- _Work to be completed_: Leave out the pictures and restate the rest of the data exactly.

- _Data extracts_:
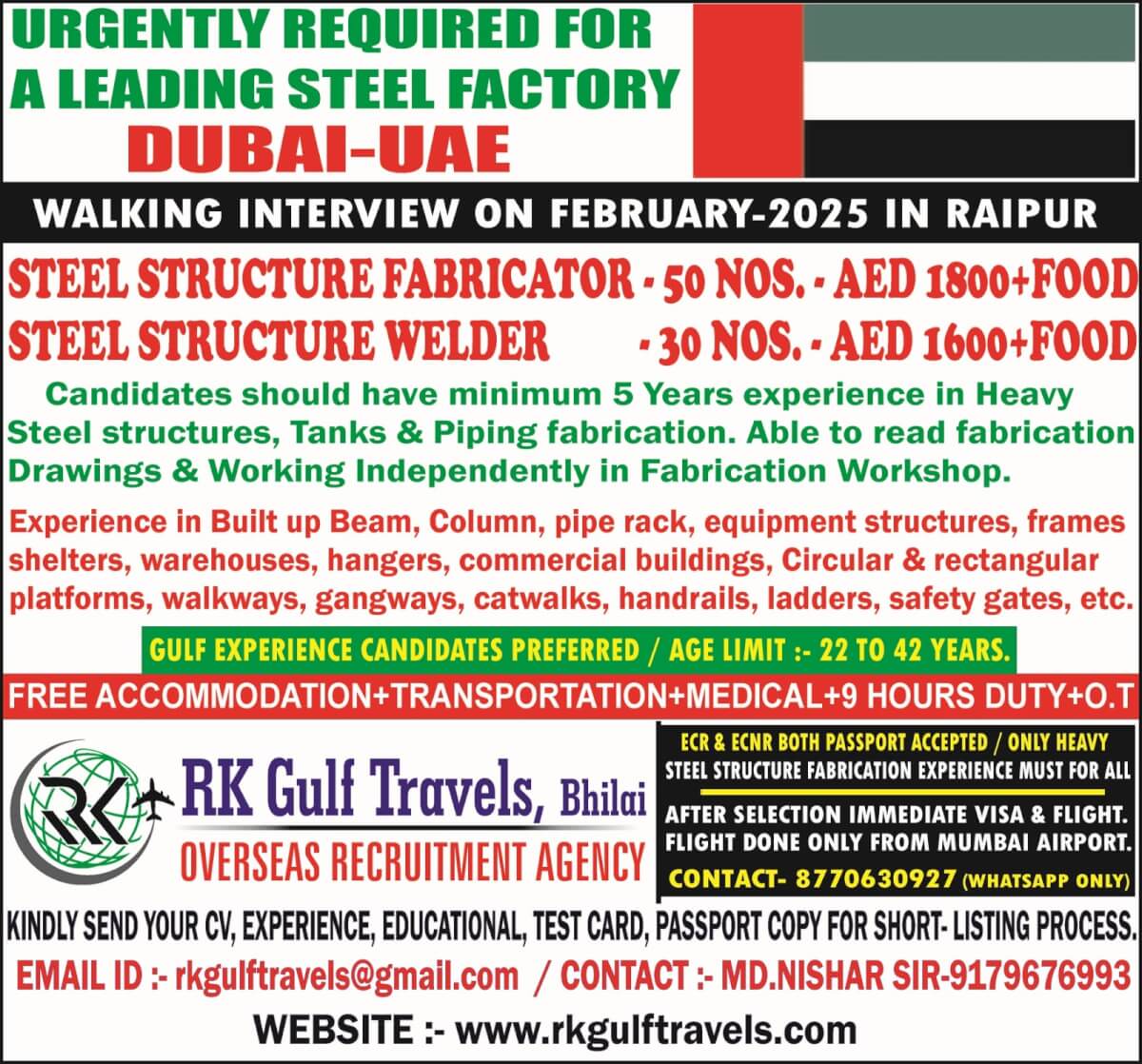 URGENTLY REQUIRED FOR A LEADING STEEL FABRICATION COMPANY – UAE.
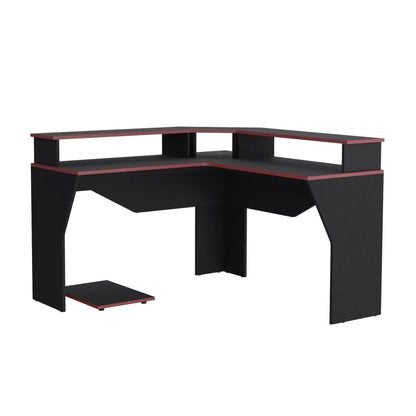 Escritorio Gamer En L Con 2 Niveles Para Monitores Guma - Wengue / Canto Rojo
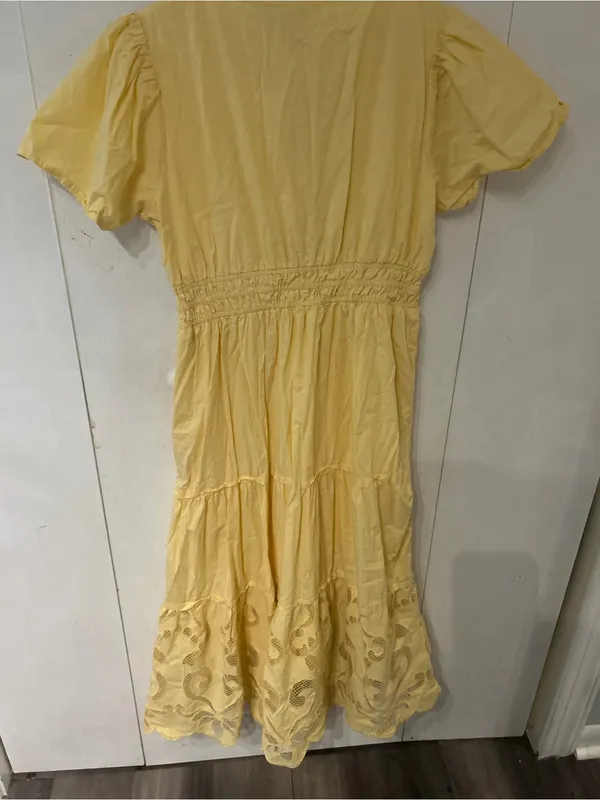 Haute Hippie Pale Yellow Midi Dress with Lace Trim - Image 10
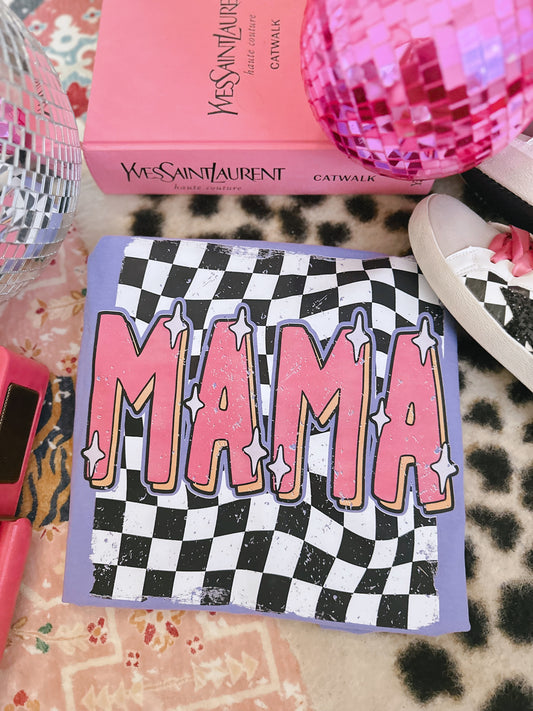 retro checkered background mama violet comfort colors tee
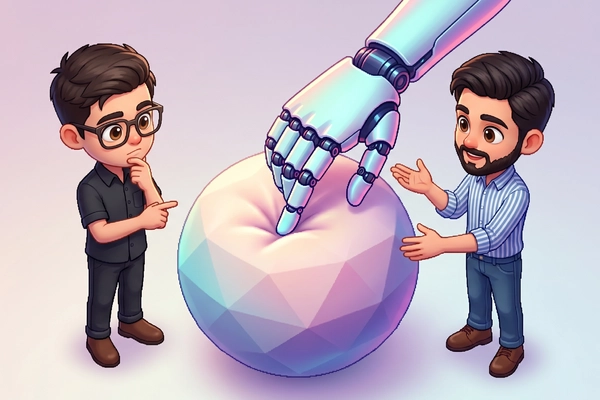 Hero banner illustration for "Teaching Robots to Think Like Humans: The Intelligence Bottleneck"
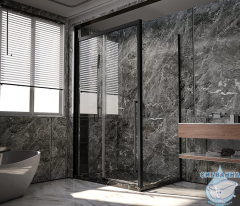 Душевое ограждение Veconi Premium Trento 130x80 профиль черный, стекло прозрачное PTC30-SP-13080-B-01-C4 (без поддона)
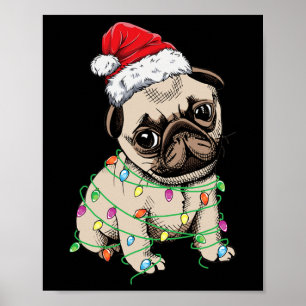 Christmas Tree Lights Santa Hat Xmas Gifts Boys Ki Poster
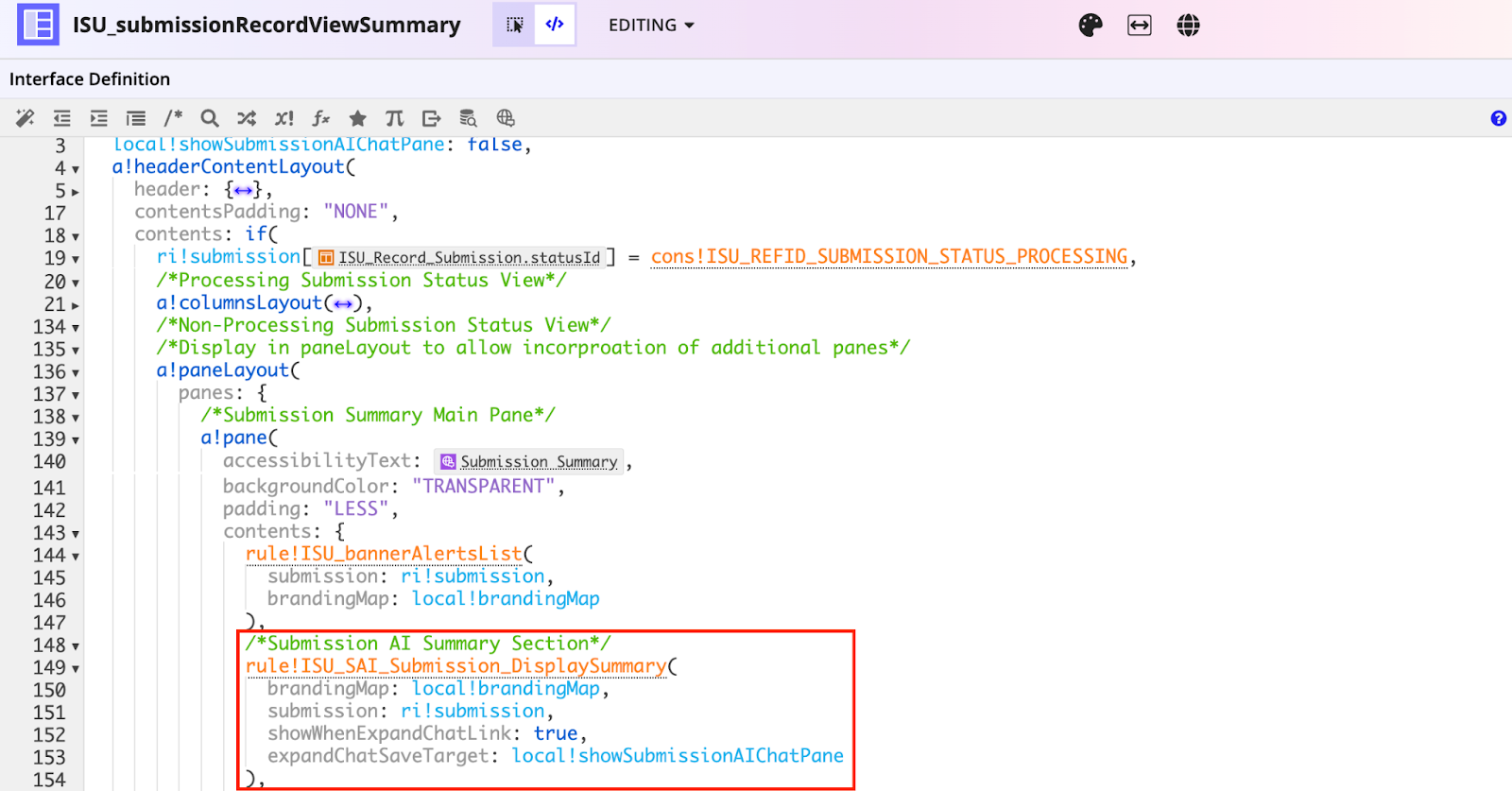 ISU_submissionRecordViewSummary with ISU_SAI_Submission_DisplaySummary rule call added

- _Solution to this task_:
 URGENTLY REQUIRED FOR A LEADING STEEL FABRICATION COMPANY – UAE.
 Escritorio Gamer En L Con 2 Niveles Para Monitores Guma - Wengue / Canto Rojo
 Haute Hippie Pale Yellow Midi Dress with Lace Trim - Image 10
 retro checkered background mama violet comfort colors tee
 Hero banner illustration for "Teaching Robots to Think Like Humans: The Intelligence Bottleneck"
 Душевое ограждение Veconi Premium Trento 130x80 профиль черный, стекло прозрачное PTC30-SP-13080-B-01-C4 (без поддона)
 Christmas Tree Lights Santa Hat Xmas Gifts Boys Ki Poster
 ISU_submissionRecordViewSummary with ISU_SAI_Submission_DisplaySummary rule call added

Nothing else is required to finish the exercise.